By Gabriel Oguda
There is this question no one has bothered to answer.
What is it about women that we find them difficult appointing to public offices? The law requires that we have at least eight women in the Cabinet, but Uhuru Kenyatta appoints six and we clap for him like he’s made a scientific discovery.
Let me tell you something.
I’ve been to Kotulo, in Mandera South. That was in 2008 and another visit in 2015. Kotulo is the birthplace of Cabinet Secretary Adan Mohammed. His father was a Chief, Chief Mohammed Jari – which makes Adan Mohammed a cult hero over there, even before those days he was the Barclays Bank top man.
Adan Mohammed is soft-spoken, and genuinely humble. He loves the people of Kotulo with his heart and he has built a nice school right there for the children of Kotulo – an ultra-modern boarding facility that covers for primary and secondary wings. That academic oasis is named after his father; Chief Mohammed Jari Academy. For an arid zone beset by seasonal pestilence, clan animosity and cross-border terrorism, Adan Mohammed has done well providing an academic sanctuary for his village people and children of other peasants keen to crack the marginalization ceiling and make it big in this country.
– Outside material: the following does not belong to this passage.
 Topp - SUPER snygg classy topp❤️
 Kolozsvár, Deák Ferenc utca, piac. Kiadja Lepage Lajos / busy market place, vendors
Anyone who remembers where they came from and seeks to uplift those they left behind is my kind of person.
But here is my problem.
I watched the news last weekend. Mandera County residents addressed the media both from Kotulo, and in Mandera town, thanking President Uhuru Kenyatta for renewing his faith in their son. There were also celebrations in Nanyuki by Mwangi Kiunjuri’s villagemates, Najib Balala’s clansmen read the same script in Mombasa, Meru town was blocked by PNU supporters on behalf of Peter Munya, and the list goes on. There was no single celebration, anywhere in this country, for any of the six women appointed to the cabinet. If there were, I did not see it.
Which begs the question.
What is it about women that we find it difficult celebrating their achievements? Why are we afraid of coming out with twigs to thank the president for appointing our sisters to the cabinet? Doesn’t Farida Karoney (Lands) have a clan? Aren’t they proud of her appointment? What about Ambassador Monica Juma? Everyone knows she’s a perfect fit for the Foreign Affairs docket, but why aren’t her people rubbing it in our faces, like those of the other male appointees? Do we feel inferior having women as leaders in our topmost decision-making organs? Then why are we silent about it?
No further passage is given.